[Optimizing the prophylaxis of hospital-acquired deep vein thrombosis and pulmonary thromboembolism].

Autor: Nazarenko GI; Medical Center, Bank of Russia, Moscow, Russia., Kleymenova EB; Medical Center, Bank of Russia, Moscow, Russia., Payushchik SA; Medical Center, Bank of Russia, Moscow, Russia., Otdelеnov VA; Medical Center, Bank of Russia, Moscow, Russia., Sychev DA; Russian Medical Academy of Postgraduate Education, Ministry of Health of Russia, Moscow, Russia.
Jazyk: ruština
Zdroj: Terapevticheskii arkhiv [Ter Arkh] 2016; Vol. 88 (9), pp. 23-30.
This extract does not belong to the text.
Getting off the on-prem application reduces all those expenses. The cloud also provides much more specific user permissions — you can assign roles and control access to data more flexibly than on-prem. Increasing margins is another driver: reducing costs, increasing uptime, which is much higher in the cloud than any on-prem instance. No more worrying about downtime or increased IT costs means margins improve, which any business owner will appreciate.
DOI: 10.17116/terarkh201688923-30
Abstrakt: Aim: To reduce the number of preventable hospital-acquired venous thromboembolic events (HA-VTE) and to improve the quality of VTE prophylaxis at multiprofile hospital.
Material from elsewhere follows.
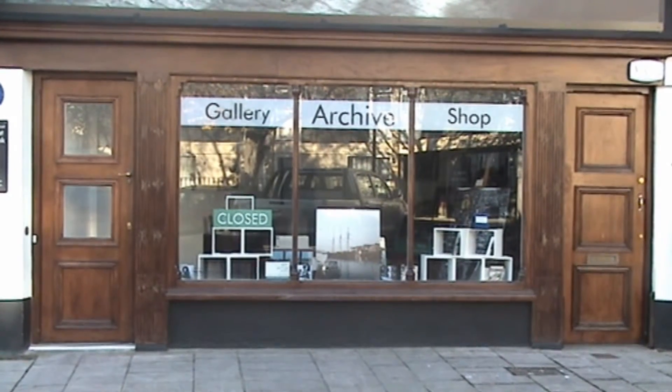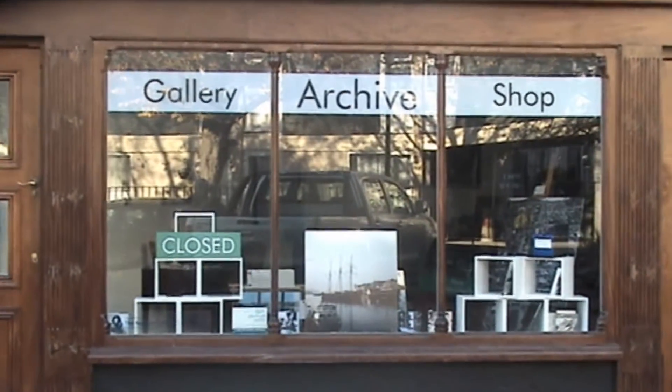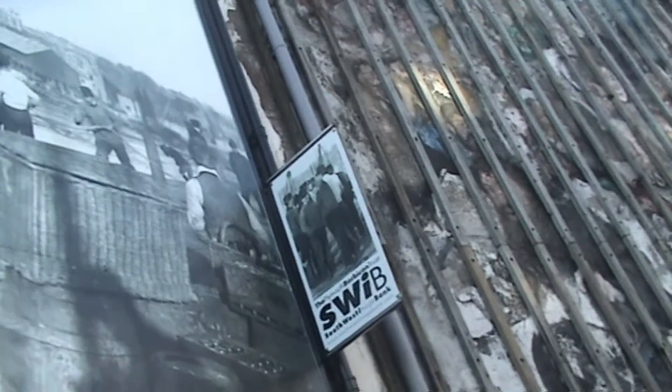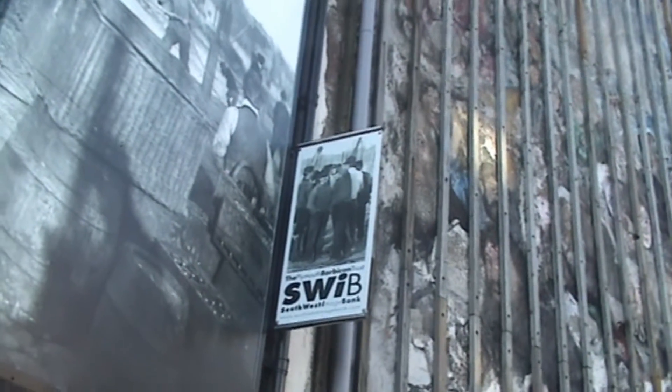Southwest Image Bank is a local charity. It houses one of the Southwest's biggest collections of photography on Plymouth and the Southwest. It's supported by the Barbican Trust. The image bank can be found in the parade at the back of Plymouth Barbican.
Material and Methods: A comprehensive approach to preventing HA-VTE was developed, which involved the global trigger tool method to assess adverse events, as well as the computerized clinical decision support system (CDSS) to prevent HA-VTE on the basis of relevant clinical practice guidelines, and HA-VTE registry.
Results: A total of 50 patients (15 men, 35 women; their median age was 70.5 years) with HA-VTE were included in the HA-VTE registry in January 2014 to June 2015. Assessment of a trend in the prevalence of HA-VTE when introducing CDSS to prevent VTE showed its statistically significant decline in the total number of HA-VTE cases (χ2=7.325, df=1; p=0.0068) and in that of HA-VTE in surgical patients (χ2=7.266, df=1; p=0.0070). The statistical significance of χ2 for linear trend was not achieved for medical patients, which is probably due to the small sample size (χ2=2.764, df=1; p=0.0964). While introducing CDSS, there was a statistically significant reduction in the incidence of postoperative VTE from 8.76 to 4.17 cases per 1000 interventions (χ2=5.347, df=1; p=0.0208; the absolute values of HA-VTE and surgical interventions were used for the calculation).
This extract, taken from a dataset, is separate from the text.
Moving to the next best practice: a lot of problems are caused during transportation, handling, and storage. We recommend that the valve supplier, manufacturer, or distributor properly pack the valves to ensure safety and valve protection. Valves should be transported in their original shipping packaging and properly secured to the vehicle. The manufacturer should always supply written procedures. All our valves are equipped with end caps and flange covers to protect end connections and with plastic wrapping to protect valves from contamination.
Conclusion: The proposed comprehensive approach can substantially increase the detection rate of HA-VTE and decrease its incidence rates. This requires a personified assessment of the risk of VTE and hemorrhage in all hospitalized patients on day 1 of their admission, timely initiation of recommended VTE prophylaxis, and dynamic assessment of the risk of VTE and hemorrhage for timely correction of the prophylaxis.